Extreme weather and rose-tinted nostalgia

Extreme weather and rose-tinted nostalgia

The decision to shorten stage 16 of the Giro d'Italia due to extreme weather signifies a big shift in professional cycling's attitudes to rider well-being


Back in 1988 legendary Aussie tough nut Allan Peiper invested in his own pair of ski gloves. He needed them: he was doing the Giro. 

While we remember Andy Hampsten cementing his Giro victory in an atrocious snowstorm over the Gavia Pass in that year, Peiper remembers fellow racers huddling around a blazing oil drum close to where the road topped out, some of them in tears. He had his soigneur yank off his sodden ski gloves and replace them with a pair of Italian army gloves, provenance unknown. He got back on the bike and descended the pass. It was just what you did. Cyclists got on with it. 

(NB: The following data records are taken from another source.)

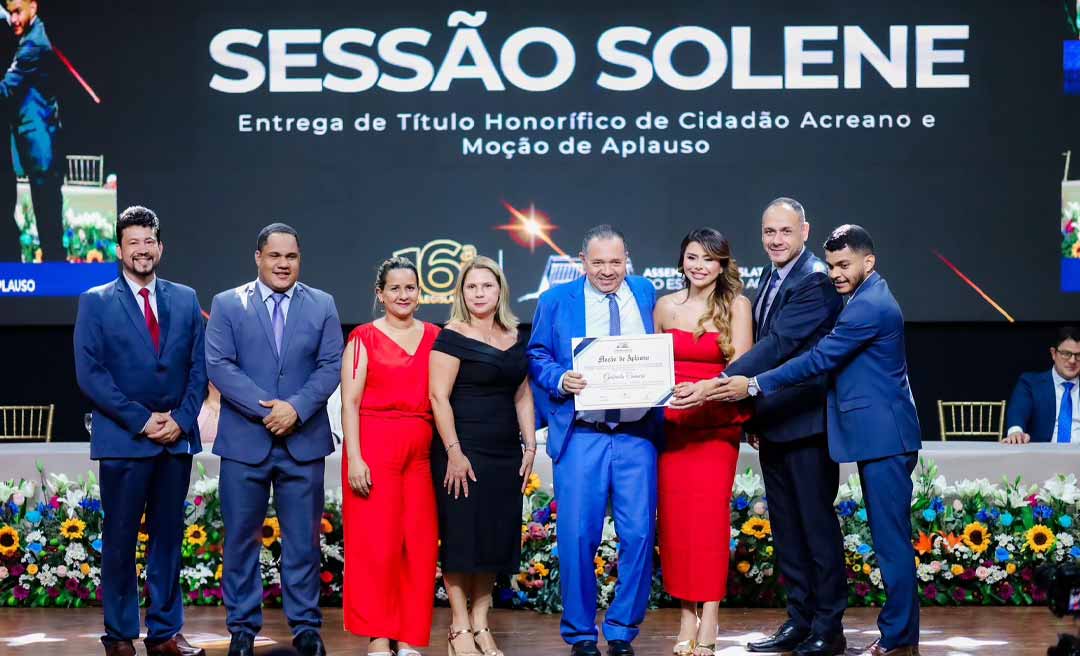 Líder do Governo, Manoel Moraes homenageia ITERACRE mais de 12 mil títulos entregues em 3 anos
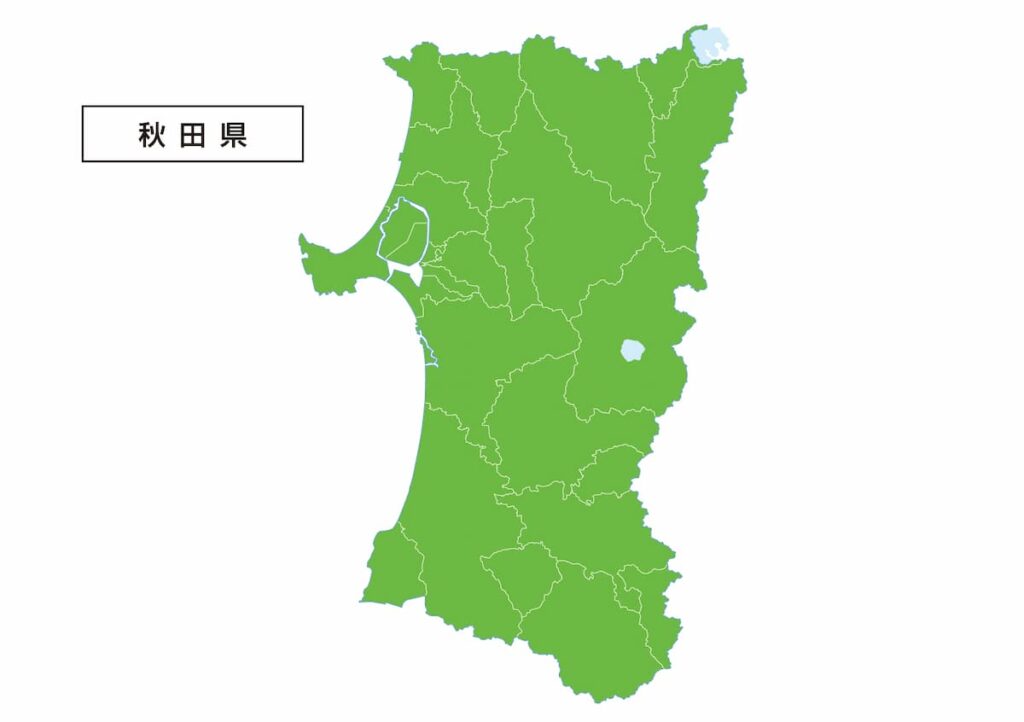 秋田県地図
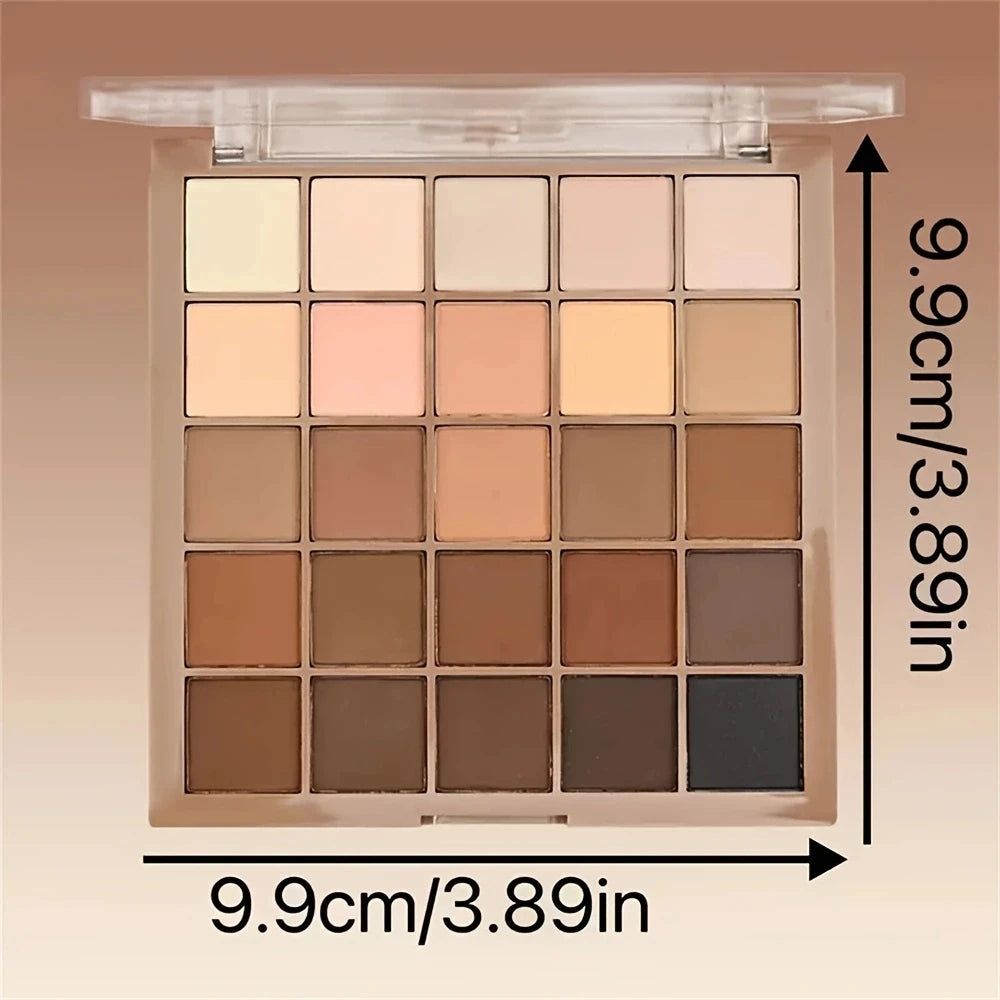 25-Color Neutral & Earthy Eyeshadow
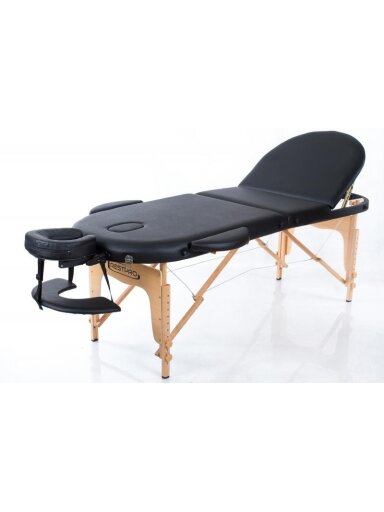 Sulankstomas masažo stalas RESTPRO® Classic Oval 3 Black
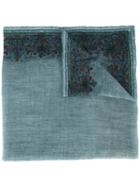 Faliero Sarti - Embroidered Scarf - Women - Polyester/viscose/wool - One Size, Green, Polyester/viscose/wool
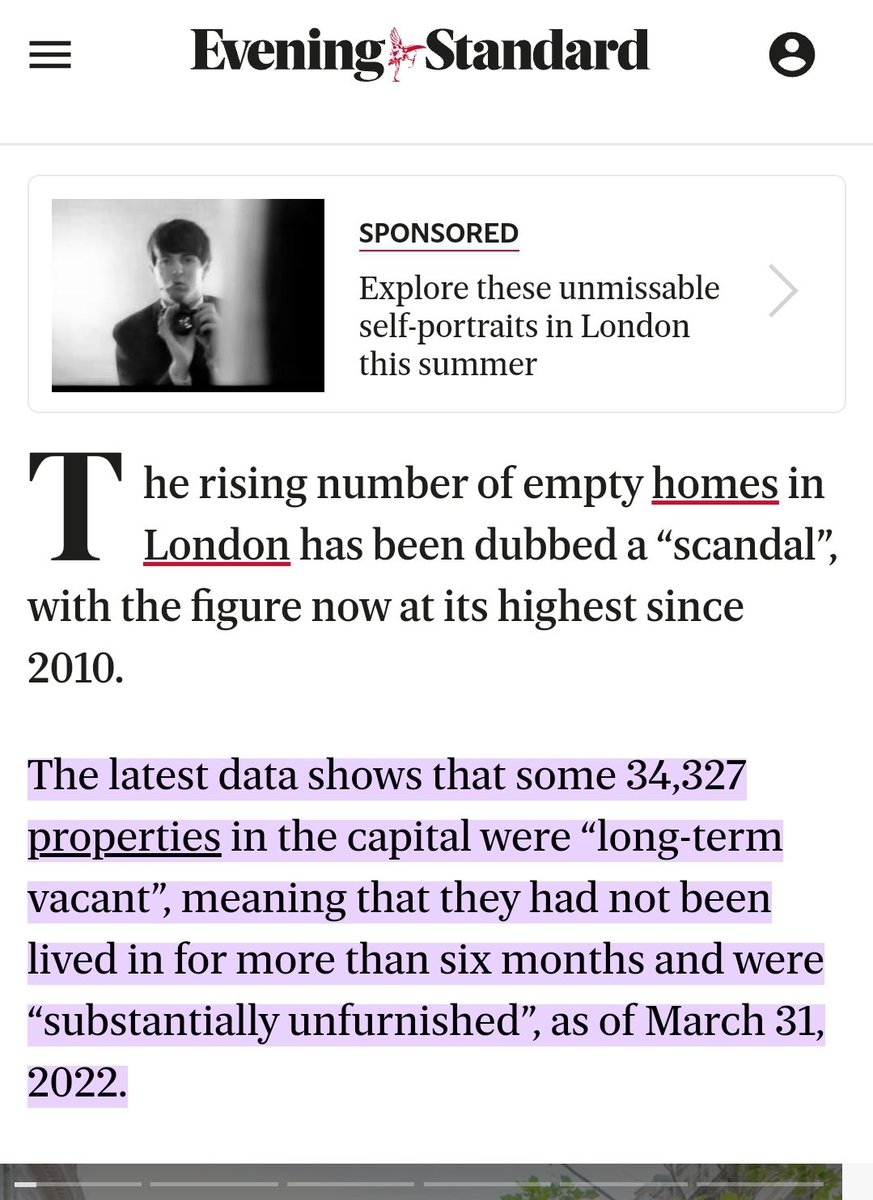 @KingBobIIV Yep, it's a disgrace how many homes are empty in London.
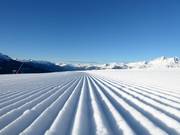 Très bonne préparation des pistes dans le domaine skiable Espace San Bernardo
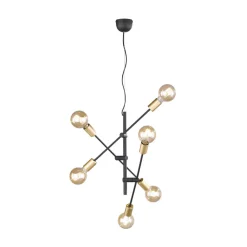 Pendellamper ^ Trio Lighting Minimalistisk designet pendellampe Cross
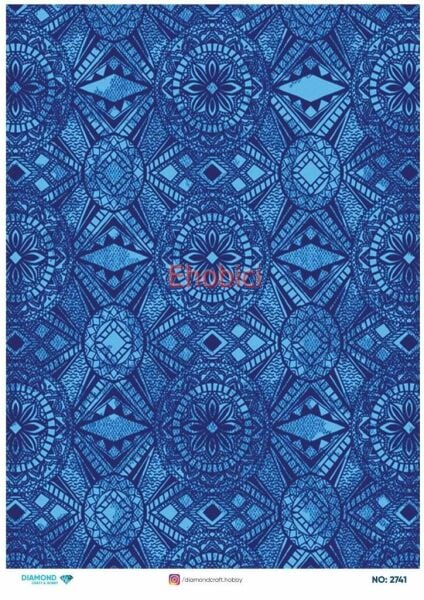 Diamond Pirinç Dekopaj Kağıdı - 2741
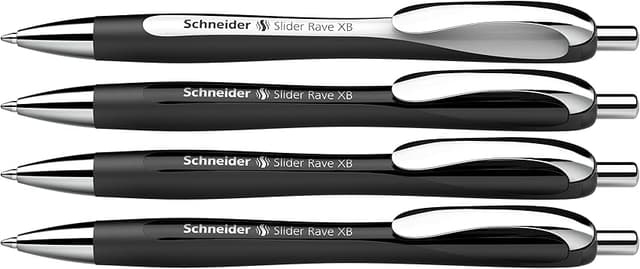 Detalle de Schneider 132584 Slider Rave XB — Bolígrafo 4 unidades 🖊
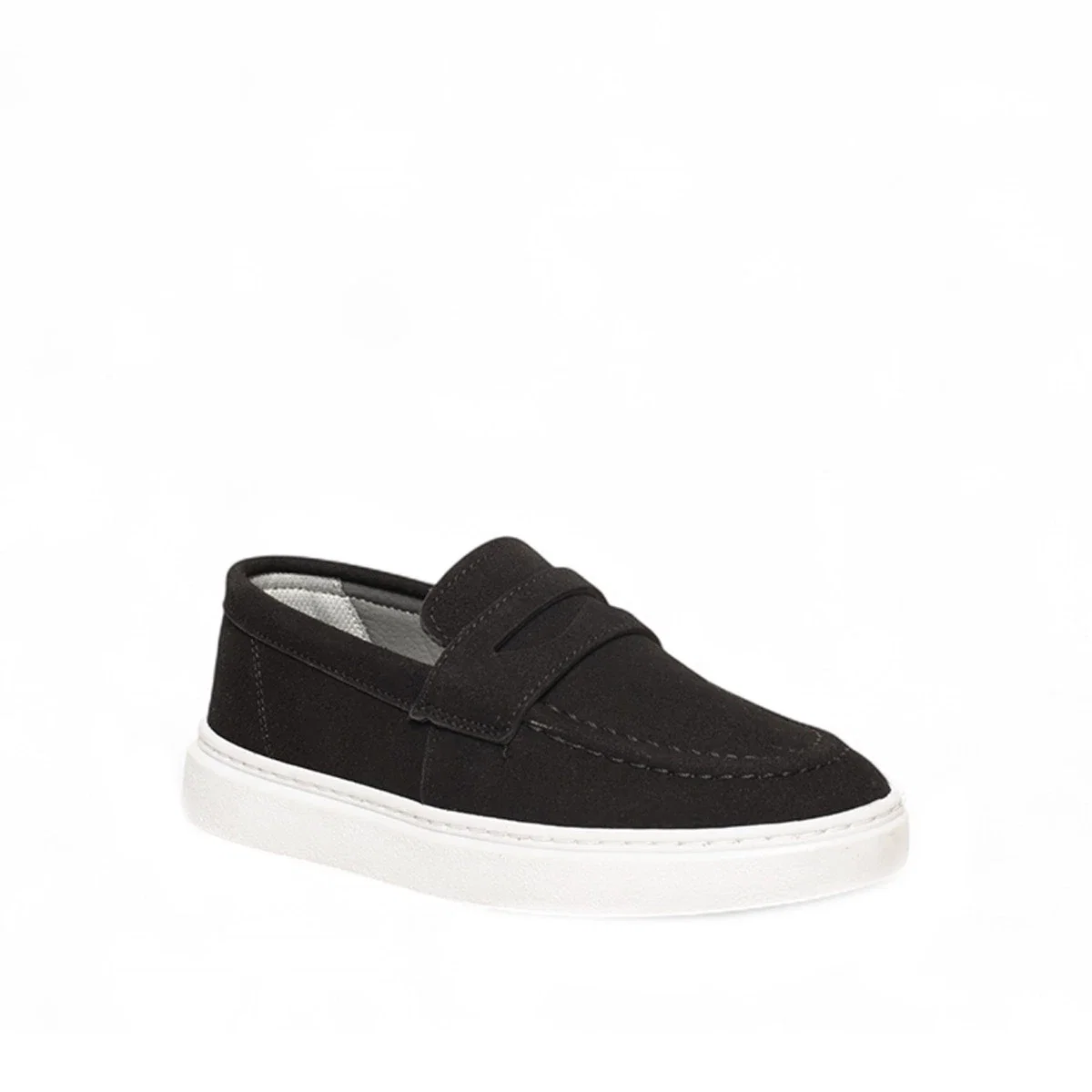 Genel Filet Loafer Ayakkabı 100 Süet Siyah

Cycling is still an extreme endurance sport. Don’t let anyone tell you otherwise, even if they have very recently ridden 100 wet miles up and down the Passo Giau on stage 16 of a Grand Tour and taken temporary leave of their senses. Yet when the queen stage of the 2021 Giro d’Italia was shortened to remove two high mountain passes, it was hard not to feel that the sport had lost something it once possessed. 

Giro d'Italia 2021

This stage amendment wasn’t an invocation of the UCI’s five-year-old extreme weather protocol; the riders’ association, the CPA, presented what it claimed was the majority view of the peloton and the Giro acted in accordance, removing two cold and slick descents. On the evidence of the day, however, those passes were not impossible to cross. 

Some in the peloton – Dan Martin, Michael Hepburn, Elia Viviani – will remember the stage of the 2014 Giro when they were sent over the Gavia pass in a snowstorm and confusion surrounded the neutralisation of the race during the descent. Conditions on that day were much, much worse. 

I’m reminded of that scene in Gladiator where Maximus dispatches his opponents into the afterlife in double-quick time and yells at the silent crowd: “Are you not entertained?!” Are you not entertained!?” 

If any of those riders who suffered the stage to Cortina d’Ampezzo for our entertainment are reading this, feel free to chuck some swords our way while we sip our wine. Because well, are we not? We were still treated to a great stage and a worthy winner, even though the TV choppers were grounded and the day had all the live televisual content of a stage of the women’s Giro Rosa (ie. none whatsoever). We’ll never know if the outcome would have been different if they had raced 212km, not 153km, but it seems unlikely. 

In China last weekend there was a tragic example of the risks of sending athletes into the mountains in adverse weather: 21 runners died during a 100km ultra-marathon event after the weather reportedly turned bad. While we shouldn’t rush to compare those horrible circumstances with the Giro, it was a timely reminder that humans occasionally believe that risks do not exist because they cannot observe them. 

We’ll never know how close the Giro might have come to disaster on stage 16, but that is a good thing and the Giro should be applauded for its precautionary attitude. Modern pro cyclists are different athletes to those in 1988, arguably skinnier and less resilient to the cold, and the risks are different. Sending them into the high mountains still jeopardises their wellbeing, if not their lives. 

Cycling is a different sport. Times have changed. We cannot reasonably dispute that decision. We cannot expect modern cyclists to emulate those feats of human fortitude that comprise the sport’s collective memory. 

But we are allowed to stick on the rose-tinted spectacles and pine for the years gone by. The snowy epics. The heroes warming their hands by the fire. Their bloody-minded tenacity. Those days are gone, and they’re not coming back.